US President Donald Trump will sign executive orders today aimed at identifying abuses that are causing massive US trade deficits and clamping down on non-payment of anti-dumping and anti-subsidy duties on imports, his top trade officials said.
The orders come as Mr Trump prepares for his first face-to-face meeting with Chinese President Xi next week in Florida, where trade issues promise to be a major source of tension.
China was the biggest contributor to the $734 billion US goods trade deficit last year, and the meeting "will be a very difficult one" Mr Trump said in a tweet.
The directives allow Mr Trump to focus on meeting his campaign promises to combat the flow of unfairly traded imports into the United States just a week after his pledge to repeal and replace Obamacare imploded in Congress.
Commerce Secretary Wilbur Ross told reporters that one of the orders directs his department and the US Trade Representative to conduct a major review of the causes of US trade deficits.
These include trade abuses such as dumping of goods below costs and unfair subsidies, "non-reciprocal" trade practices by other countries and currencies that are" misaligned."
Mr Ross took pains to say that currency misalignment was not the same as manipulation, and only the US Treasury could define currency manipulation.
But he said in some cases, currencies can become misaligned from their traditional valuations unintentionally, citing the Mexican peso's sharp decline late last year after Mr Trump's election.
The study also will examine World Trade Organization rules that Mr Ross said do not treat countries equally, such as on taxation.
The United States has long complained that WTO rules allow exports to be exempt from value-added taxes, but do not allow export exemptions from the US corporate income tax.
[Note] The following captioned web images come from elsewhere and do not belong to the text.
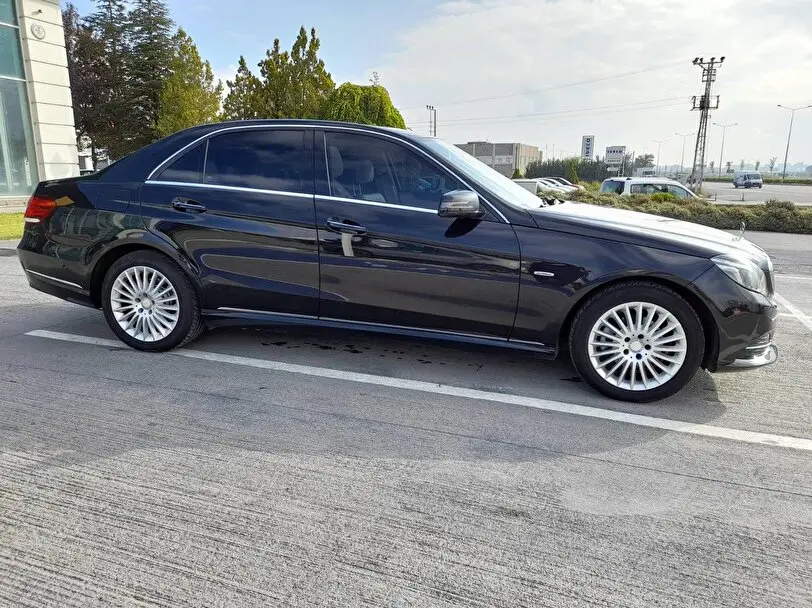 Mercedes-Benz  E 180 EditionE 5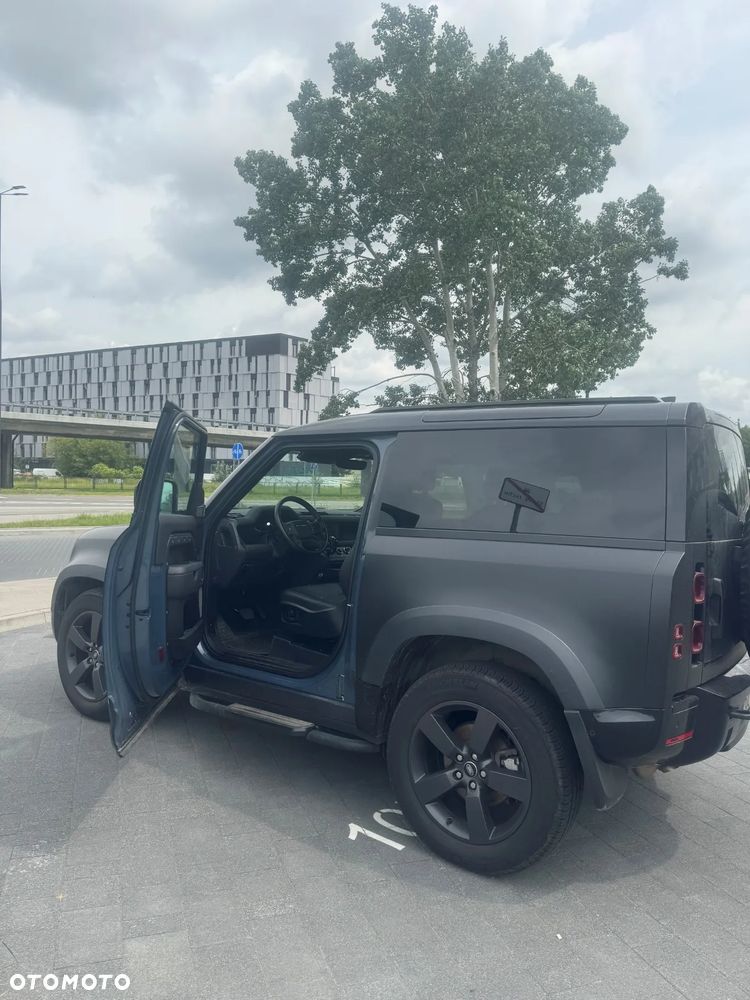 Land Rover Defender - 8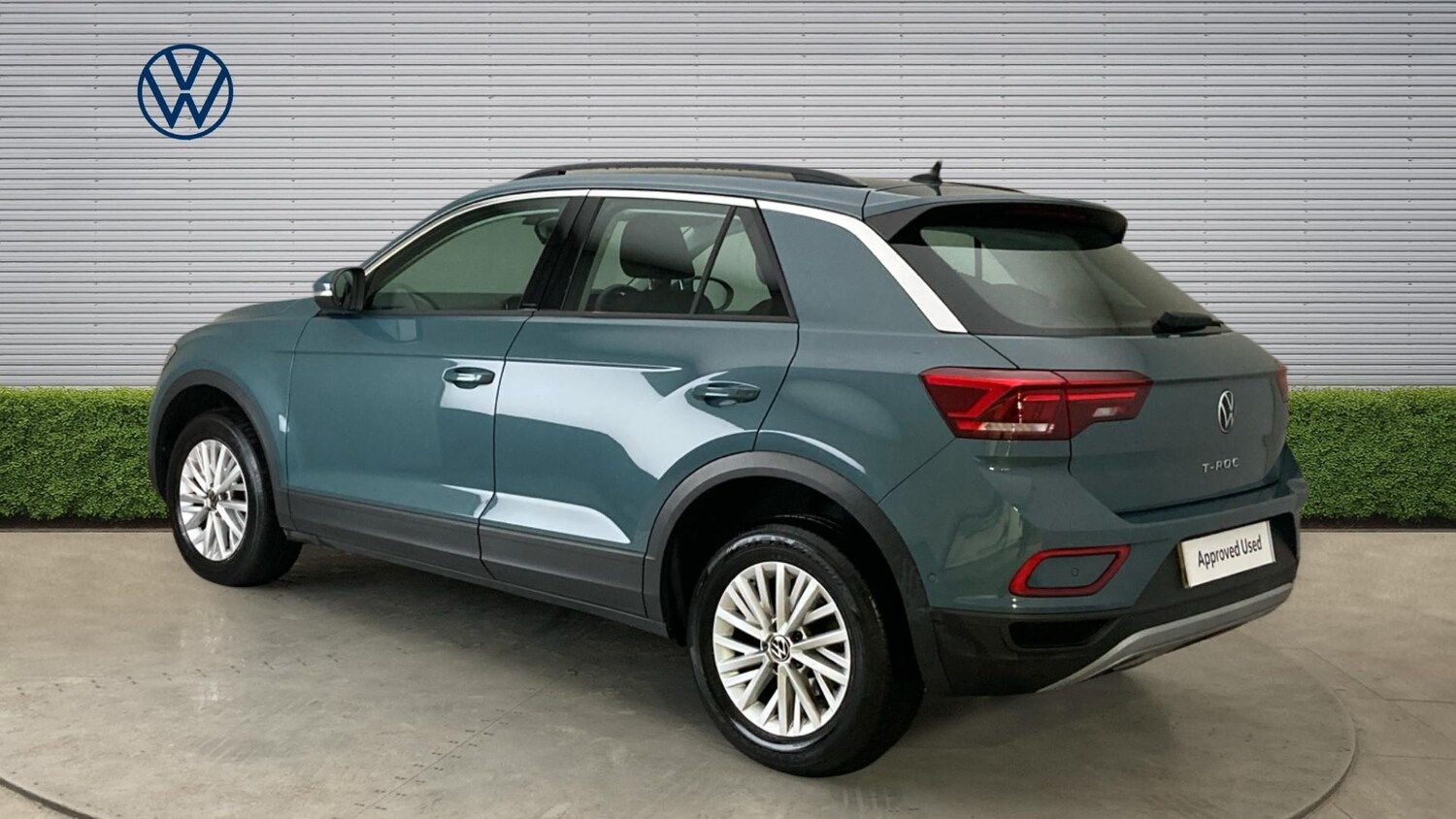 Used Volkswagen T-Roc 2023 for sale - 77691462: Photo 3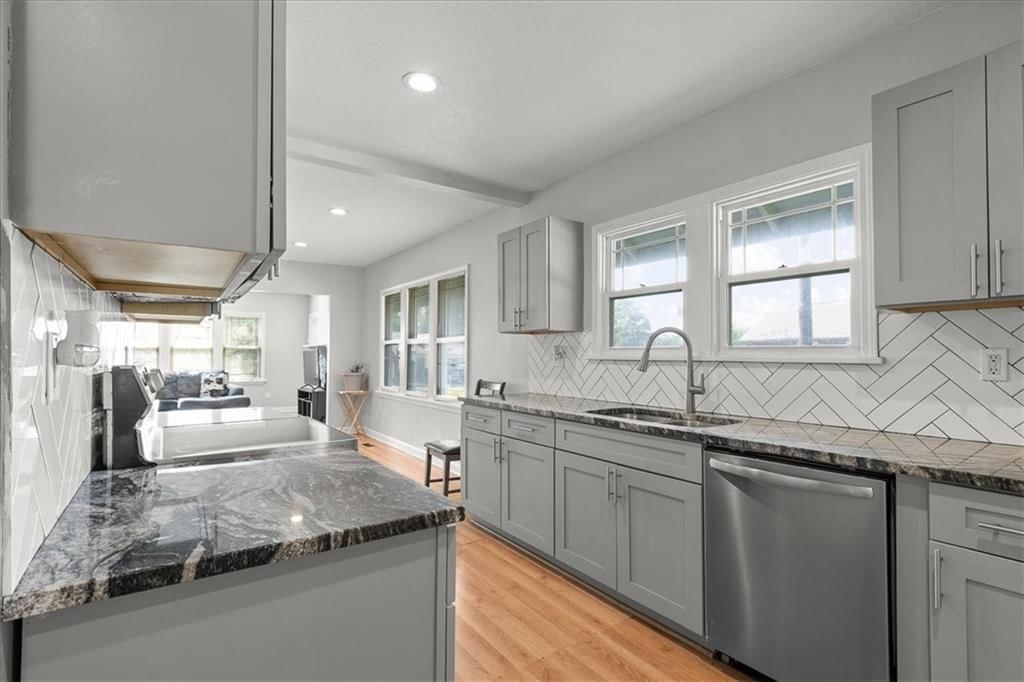 2031 N 32nd Street — photo 14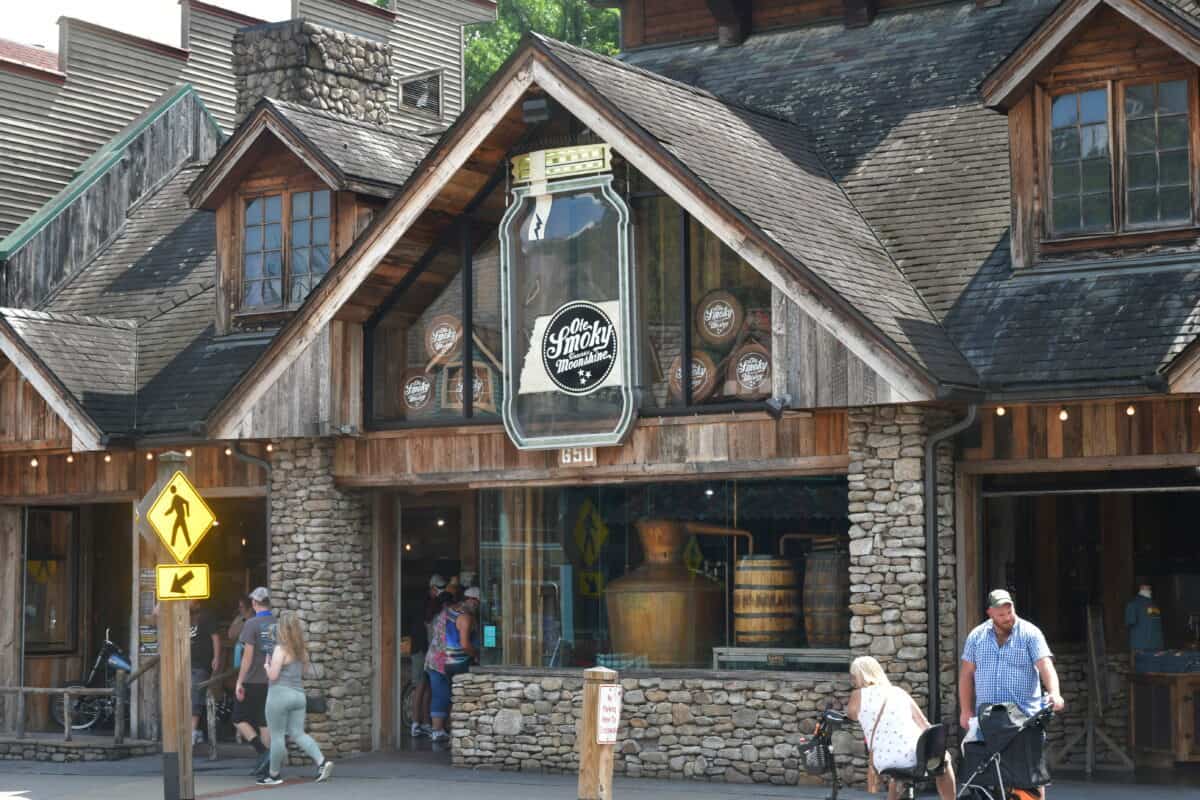 ole smoky moonshine in downtown gatlinburg tennessee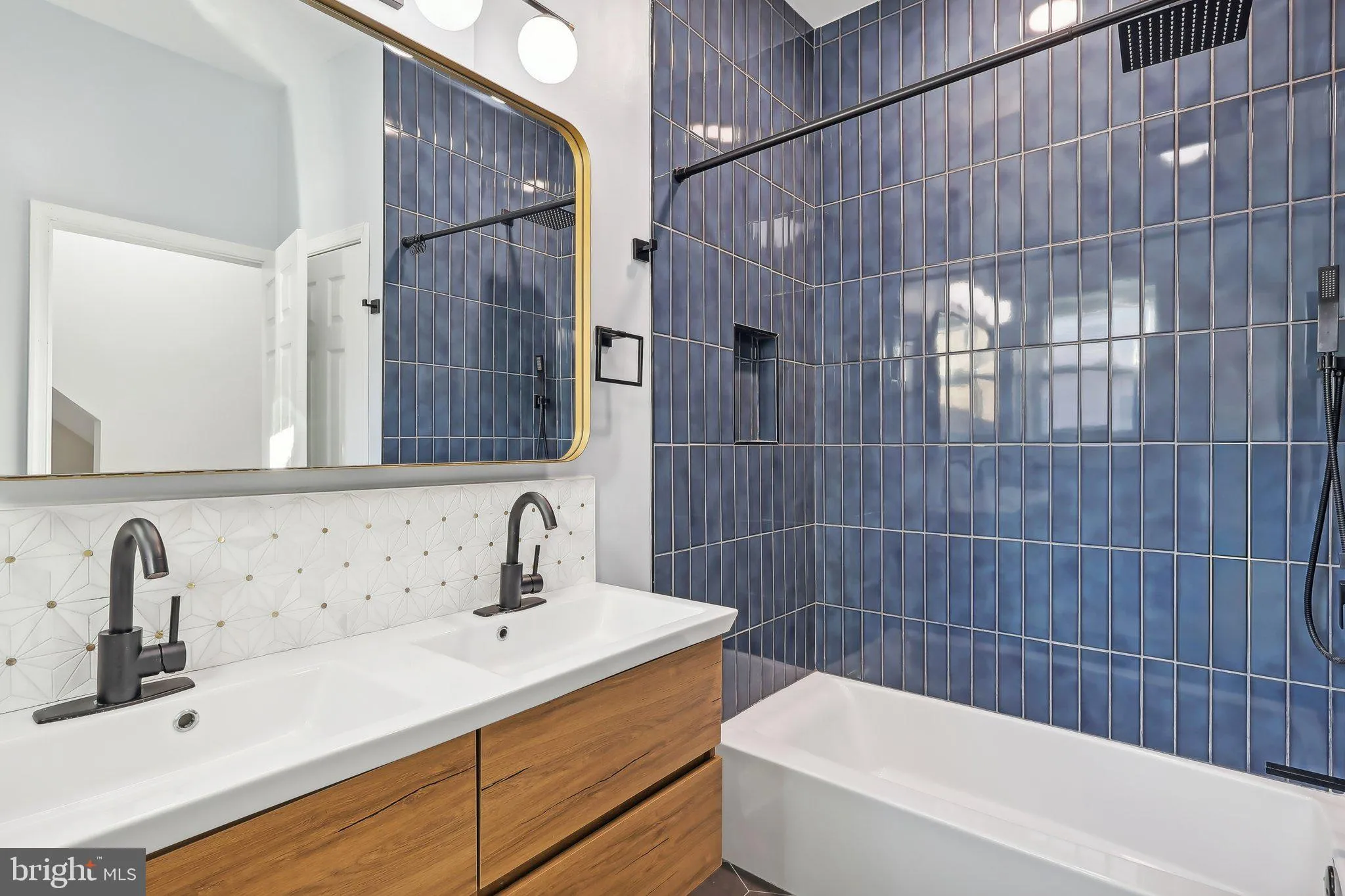 Philadelphia, Pennsylvania 19146, United States, 4 Bedrooms Bedrooms, ,4 BathroomsBathrooms,Residential,Pending,38778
The study also will examine the effects of trade deals that have failed to produce forecast benefits, Mr Ross said.
The aim was to complete the study and report the findings to Mr Trump in 90 days - a time frame that coincides with the expected start of negotiations to revamp the US-Canada-Mexico North American Free Trade Agreement.
The study's findings will underpin the Trump administration's future trade policy decisions, Mr Ross said, and will be the first "systematic analysis" of the trade deficit's causes, "country-by-country, product-by-product."
"It will demonstrate the administration's intention not to hipshoot, not to do anything casual, not to do anything abruptly," Mr Ross told a White House briefing.
Mr Ross has promised tougher enforcement of US trade laws and more anti-dumping and anti-subsidy cases initiated by the Commerce Department, rather than relying on companies to claim injuries from imports.
He said the study would focus on those countries that have chronic goods trade surpluses with the United States.
China tops the list, with a $347 billion surplus last year, followed by Japan, with a $69 billion surplus, Germany at $65 billion, Mexico at $63 billion, Ireland at $36 billion, and Vietnam at $32 billion.
The second trade order to be signed by Mr Trump is aimed at halting the non-payment and under-collection of anti-dumping and anti-subsidy duties the United States slaps on many foreign goods.